Conjugated linoleic acid (CLA), is the broader term used to describe a mixture of different forms of linoleic acid. Discovered by chance in 1978 by Michael W. Pariza, CLA naturally occurs in small amounts in the meat and dairy products of ruminant animals; that is, animals that chew their cud, such as cows, goats, and sheep, among others. Though research of CLA has yielded conflicting findings, early studies have suggested some potential health benefits related to cancer, heart disease, diabetes, kidney disease, bone density, body building, and obesity.
CLA cannot be produced in great quantity by the human body. Instead, people obtain this naturally-occurring fat from dairy animals that have the ability to convert linoleic acid from plant material into CLA because of microorganism activity in the rumen. As a result of a few initial studies on the health benefits of CLA, particularly the effect CLA may have on fat storage, people have started using man-made forms of CLA as a supplement to their diet.

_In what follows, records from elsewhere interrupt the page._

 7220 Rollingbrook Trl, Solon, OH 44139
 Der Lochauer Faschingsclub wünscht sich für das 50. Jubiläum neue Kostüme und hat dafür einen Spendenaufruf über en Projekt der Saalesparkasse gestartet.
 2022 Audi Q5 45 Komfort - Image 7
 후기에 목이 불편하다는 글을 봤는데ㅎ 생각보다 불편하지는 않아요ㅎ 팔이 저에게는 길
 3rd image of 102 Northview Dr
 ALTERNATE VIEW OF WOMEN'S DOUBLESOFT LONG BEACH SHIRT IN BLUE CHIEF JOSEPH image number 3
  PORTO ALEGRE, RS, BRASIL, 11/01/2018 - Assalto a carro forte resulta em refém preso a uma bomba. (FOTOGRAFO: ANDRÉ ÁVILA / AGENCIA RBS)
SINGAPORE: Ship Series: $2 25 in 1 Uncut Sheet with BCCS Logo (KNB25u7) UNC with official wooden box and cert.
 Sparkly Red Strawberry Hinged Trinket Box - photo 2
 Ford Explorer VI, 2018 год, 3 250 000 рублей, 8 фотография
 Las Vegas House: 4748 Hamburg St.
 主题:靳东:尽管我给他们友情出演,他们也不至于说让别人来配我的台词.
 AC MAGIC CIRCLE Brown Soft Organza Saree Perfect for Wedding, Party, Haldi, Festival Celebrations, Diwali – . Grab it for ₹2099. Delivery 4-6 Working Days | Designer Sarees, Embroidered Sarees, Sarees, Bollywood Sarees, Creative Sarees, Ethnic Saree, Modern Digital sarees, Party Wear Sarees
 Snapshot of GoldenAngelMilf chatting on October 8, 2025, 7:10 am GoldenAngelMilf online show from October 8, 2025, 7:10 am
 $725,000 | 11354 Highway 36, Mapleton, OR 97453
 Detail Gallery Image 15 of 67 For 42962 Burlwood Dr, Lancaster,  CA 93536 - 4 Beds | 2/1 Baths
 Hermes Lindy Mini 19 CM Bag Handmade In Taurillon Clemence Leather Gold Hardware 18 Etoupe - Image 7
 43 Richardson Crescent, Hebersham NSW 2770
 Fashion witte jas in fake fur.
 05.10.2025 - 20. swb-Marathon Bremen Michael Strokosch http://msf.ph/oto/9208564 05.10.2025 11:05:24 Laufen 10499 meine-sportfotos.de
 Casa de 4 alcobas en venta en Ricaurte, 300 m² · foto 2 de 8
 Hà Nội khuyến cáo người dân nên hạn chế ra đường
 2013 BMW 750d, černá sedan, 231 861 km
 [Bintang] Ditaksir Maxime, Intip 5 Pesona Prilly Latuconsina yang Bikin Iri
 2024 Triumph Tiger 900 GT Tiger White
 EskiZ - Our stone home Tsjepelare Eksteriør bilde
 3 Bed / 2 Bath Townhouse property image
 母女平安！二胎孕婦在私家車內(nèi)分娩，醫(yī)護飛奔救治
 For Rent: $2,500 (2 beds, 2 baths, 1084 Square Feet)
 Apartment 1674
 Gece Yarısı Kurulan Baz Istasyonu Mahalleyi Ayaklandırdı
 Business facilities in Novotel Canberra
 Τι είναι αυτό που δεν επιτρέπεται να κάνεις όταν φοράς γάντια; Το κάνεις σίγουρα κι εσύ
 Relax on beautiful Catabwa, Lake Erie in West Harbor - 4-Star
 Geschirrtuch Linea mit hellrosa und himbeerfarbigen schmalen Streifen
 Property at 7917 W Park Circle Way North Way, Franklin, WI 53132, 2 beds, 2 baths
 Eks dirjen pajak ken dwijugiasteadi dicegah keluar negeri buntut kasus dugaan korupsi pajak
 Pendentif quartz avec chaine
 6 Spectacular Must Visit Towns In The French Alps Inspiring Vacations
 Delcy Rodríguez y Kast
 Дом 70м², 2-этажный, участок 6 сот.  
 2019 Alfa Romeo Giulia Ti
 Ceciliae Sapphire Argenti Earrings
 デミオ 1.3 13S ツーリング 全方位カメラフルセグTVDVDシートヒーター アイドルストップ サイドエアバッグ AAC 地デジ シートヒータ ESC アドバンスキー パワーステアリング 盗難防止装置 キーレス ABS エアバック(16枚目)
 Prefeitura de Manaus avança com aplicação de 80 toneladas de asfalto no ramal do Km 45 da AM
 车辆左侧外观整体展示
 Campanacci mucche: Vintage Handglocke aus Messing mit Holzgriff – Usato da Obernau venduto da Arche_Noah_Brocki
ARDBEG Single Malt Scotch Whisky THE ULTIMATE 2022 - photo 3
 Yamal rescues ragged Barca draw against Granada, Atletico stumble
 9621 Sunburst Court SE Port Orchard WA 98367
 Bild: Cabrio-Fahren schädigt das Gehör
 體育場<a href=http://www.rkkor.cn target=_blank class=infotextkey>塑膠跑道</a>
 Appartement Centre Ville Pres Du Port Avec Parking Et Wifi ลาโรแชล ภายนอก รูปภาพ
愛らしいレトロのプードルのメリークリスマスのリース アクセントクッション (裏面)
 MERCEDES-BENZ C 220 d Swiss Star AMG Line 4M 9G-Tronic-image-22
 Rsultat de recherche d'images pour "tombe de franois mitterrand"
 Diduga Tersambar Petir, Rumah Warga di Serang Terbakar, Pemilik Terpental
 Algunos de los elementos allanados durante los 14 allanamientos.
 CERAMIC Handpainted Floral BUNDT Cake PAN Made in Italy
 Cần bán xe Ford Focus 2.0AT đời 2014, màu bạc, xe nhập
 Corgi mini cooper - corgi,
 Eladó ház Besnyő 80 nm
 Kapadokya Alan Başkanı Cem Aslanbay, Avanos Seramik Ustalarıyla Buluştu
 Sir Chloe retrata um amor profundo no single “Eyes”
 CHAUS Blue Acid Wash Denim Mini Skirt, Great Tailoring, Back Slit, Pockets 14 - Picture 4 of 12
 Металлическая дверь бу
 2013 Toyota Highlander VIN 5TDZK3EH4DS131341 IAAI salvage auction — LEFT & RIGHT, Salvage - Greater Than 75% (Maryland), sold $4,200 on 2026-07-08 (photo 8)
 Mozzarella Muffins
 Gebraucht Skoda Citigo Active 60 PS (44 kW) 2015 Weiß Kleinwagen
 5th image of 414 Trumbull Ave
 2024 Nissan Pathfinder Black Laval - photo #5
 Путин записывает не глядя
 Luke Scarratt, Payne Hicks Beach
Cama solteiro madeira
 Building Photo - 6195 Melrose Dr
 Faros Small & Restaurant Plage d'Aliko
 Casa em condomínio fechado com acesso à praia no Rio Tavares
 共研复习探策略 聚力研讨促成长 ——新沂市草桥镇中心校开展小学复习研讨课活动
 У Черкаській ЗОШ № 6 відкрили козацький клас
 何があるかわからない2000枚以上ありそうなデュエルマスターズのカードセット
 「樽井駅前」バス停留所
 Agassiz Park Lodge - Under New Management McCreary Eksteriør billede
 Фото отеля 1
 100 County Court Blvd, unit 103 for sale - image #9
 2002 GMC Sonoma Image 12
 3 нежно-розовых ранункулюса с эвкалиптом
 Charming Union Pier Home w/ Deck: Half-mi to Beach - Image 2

Following its discovery, other studies have been conducted to examine the beneficial effects of CLA on cancer, immune functions, and atherosclerosis. A variety of antioxidant and anti-tumour properties have also been linked to CLA, and select studies on mice and rats have shown promising results in reducing tumour growth, particularly in breast, skin, and colon tumours.
Does it really reduce body fat?
What has arguably generated the most noise in the health community is the possibility that CLA may be useful in reducing body fat when implemented with a program that incorporates increased physical activity and reduced dietary caloric intake.
Some studies show that taking 1.8 to 6.8 grams of CLA daily decreases body fat mass, increases lean body mass, and reduces waist circumference. While CLA does not seem to have a significant effect on BMI or weight loss in general, it reduces BMI in a special subset of the population – obese, postmenopausal women with type 2 diabetes.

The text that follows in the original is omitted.